**Supplied data:**
::::
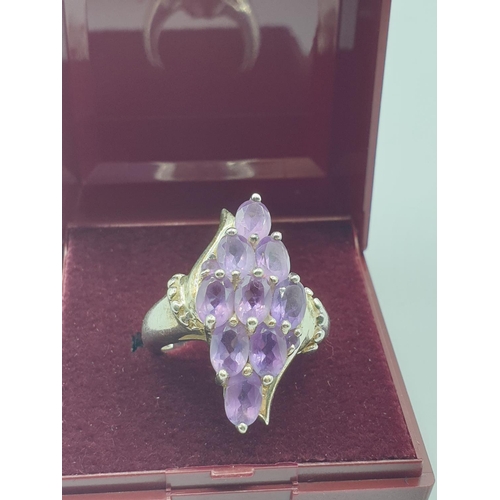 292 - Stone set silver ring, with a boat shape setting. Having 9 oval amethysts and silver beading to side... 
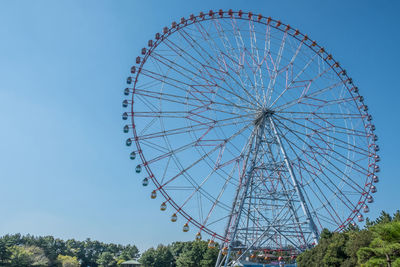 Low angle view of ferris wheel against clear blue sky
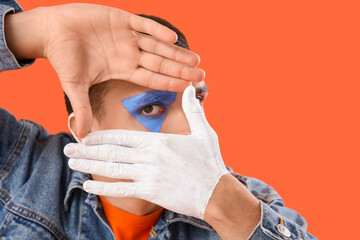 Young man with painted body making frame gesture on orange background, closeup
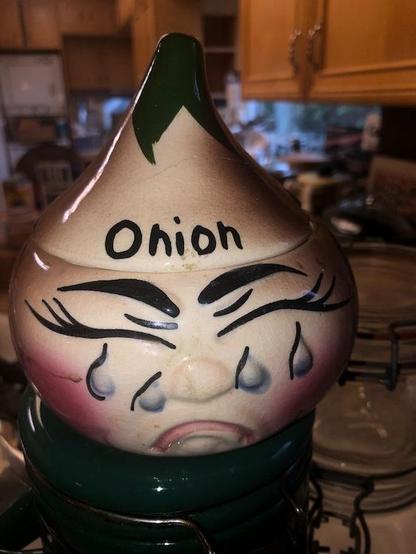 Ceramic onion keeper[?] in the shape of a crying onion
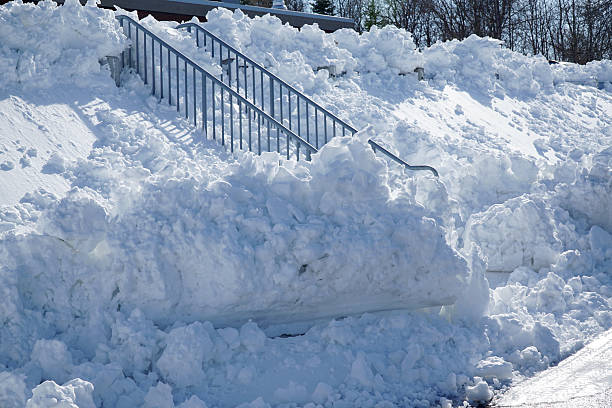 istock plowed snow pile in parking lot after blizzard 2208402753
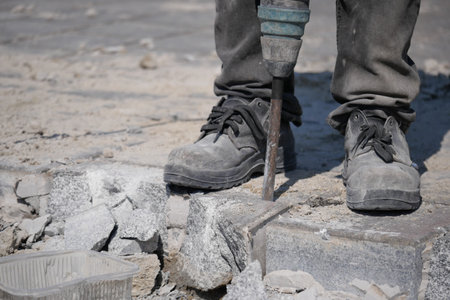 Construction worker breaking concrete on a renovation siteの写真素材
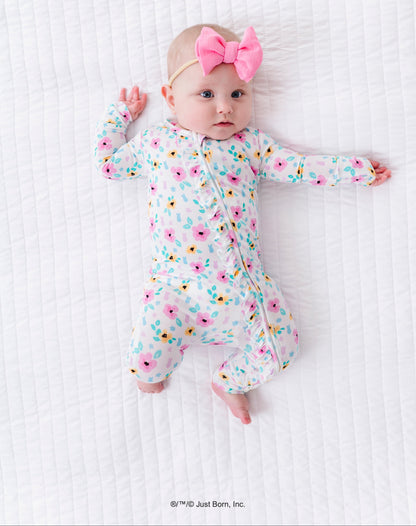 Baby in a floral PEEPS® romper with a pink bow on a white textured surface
::::
**Instructions to follow:**
Would it be possible to copy the material exactly, excluding the images?

**Solution:**
 292 - Stone set silver ring, with a boat shape setting. Having 9 oval amethysts and silver beading to side... 
 Low angle view of ferris wheel against clear blue sky
 Young man with painted body making frame gesture on orange background, closeup
 Ceramic onion keeper[?] in the shape of a crying onion
 istock plowed snow pile in parking lot after blizzard 2208402753
 Construction worker breaking concrete on a renovation siteの写真素材
 Baby in a floral PEEPS® romper with a pink bow on a white textured surface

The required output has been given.